Today we’re delighted to point you all to Minnesota Public Radio’s wonderful piece about Monte’s approach to life, death, and bringing both into the classroom. Please do check it out at http://minnesota.publicradio.org/display/web/2011/02/23/dying-professor-death/

And, for a little more backstage knowledge on the backstage sociologist, here’s the text of Monte’s “about” page on TheSocietyPages.org:

Monte Bute is an associate professor of sociology at Metropolitan State University in the Twin Cities of Minnesota, where he has taught for the past 25 years. He is also a guest columnist on the opinion page of the St. Paul Pioneer Press.

The title of this blog comes from a 2004 essay, “The Making of a Backstage Sociologist.” For the “Full Monte,” read that narrative and “New Tricks from an Old Dog.”

His teaching and research interests include social theory, public sociology, teaching and learning, social power, protest and social movements, and political theory.

He began teaching at Metropolitan State as an avocation in 1984, and reluctantly began graduate school rather late in life. Bute has published over 60 articles in academic journals and the popular press, and has made over 70 presentations at academic conferences and community events.

Sociologists of Minnesota (SOM) gave Monte the Distinguished Sociologist award in 2004. Bute has received Metropolitan State University’s Outstanding Teacher and Excellence in Teaching awards. He is also the recipient of awards from Minneapolis Community and Technical College, the Jobs Now Coalition, and the Job Training Partnership Association.

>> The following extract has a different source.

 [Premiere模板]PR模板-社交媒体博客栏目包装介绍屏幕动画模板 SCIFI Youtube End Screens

Bute is past president of both Sociologists of Minnesota and the National Council of State Sociological Associations (NCSSA). He has also served as editor of Sociograph, associate editor of the Sociological Imagination, and is currently on the editorial board of Contexts, a journal of the American Sociological Association. Monte has been a fellow of the National Endowment for the Humanities (NEH) and the Humphrey Institute of Public Affairs, University of Minnesota.

Bute comes to both sociology and academic life by a rather circuitous route. Majoring in American studies and European humanities, he dropped out of college in 1967 and landed in Berkeley and the Haight-Ashbury district of San Francisco.

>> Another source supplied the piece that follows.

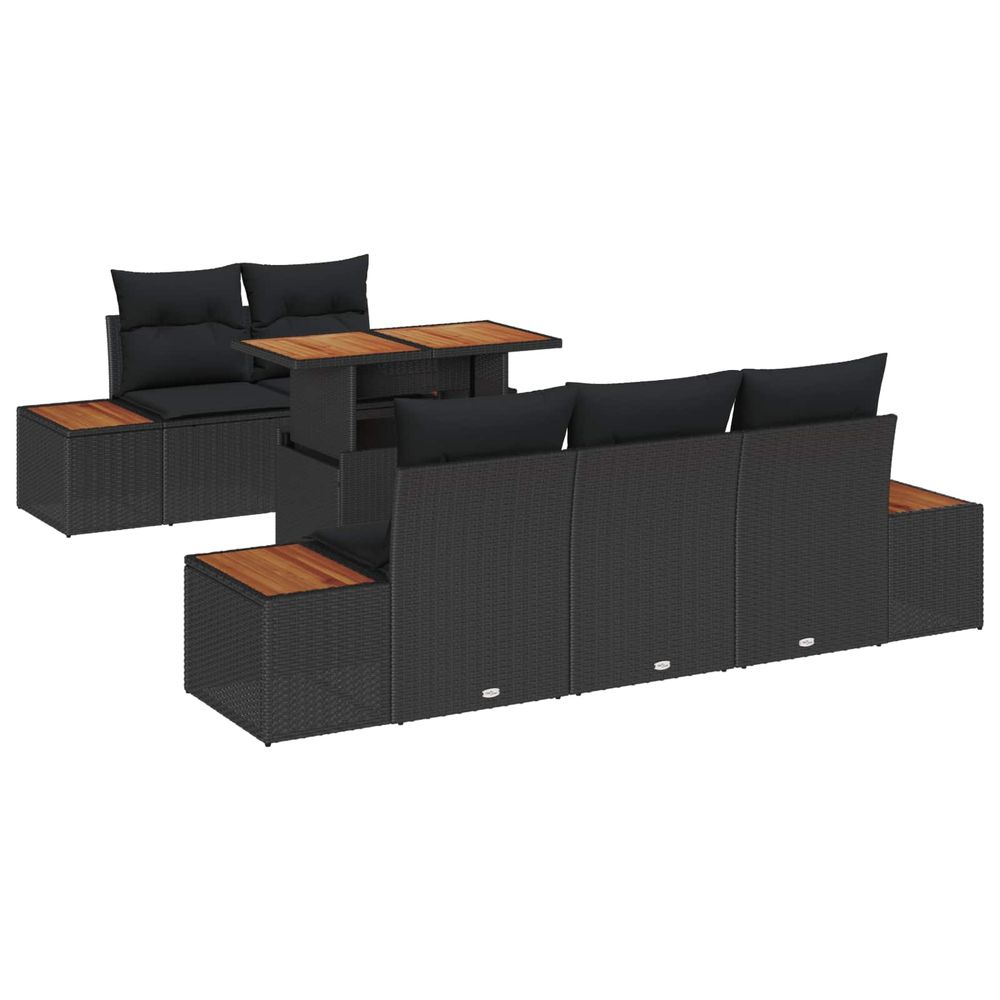 Ensemble de canapé de jardin 6 pc noir poly rotin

Monte then spent the next two decades on the ramparts of social change, working as a grassroots organizer and independent scholar for organizations representing the unemployed, tenants, welfare recipients, union members, and students. He served on the Governor’s Poverty Commission in 1986-87 and was the lead author of A Poverty of Opportunity: Restoring the Minnesota Dream.

Having become a social scientist by the seat of his pants, Bute adheres to Alfred Schutz’s distinction between scholarship aimed at the “expert” and scholarship directed to the “well-informed citizen.” For over 40 years Monte has been nurturing the development of well-informed citizens.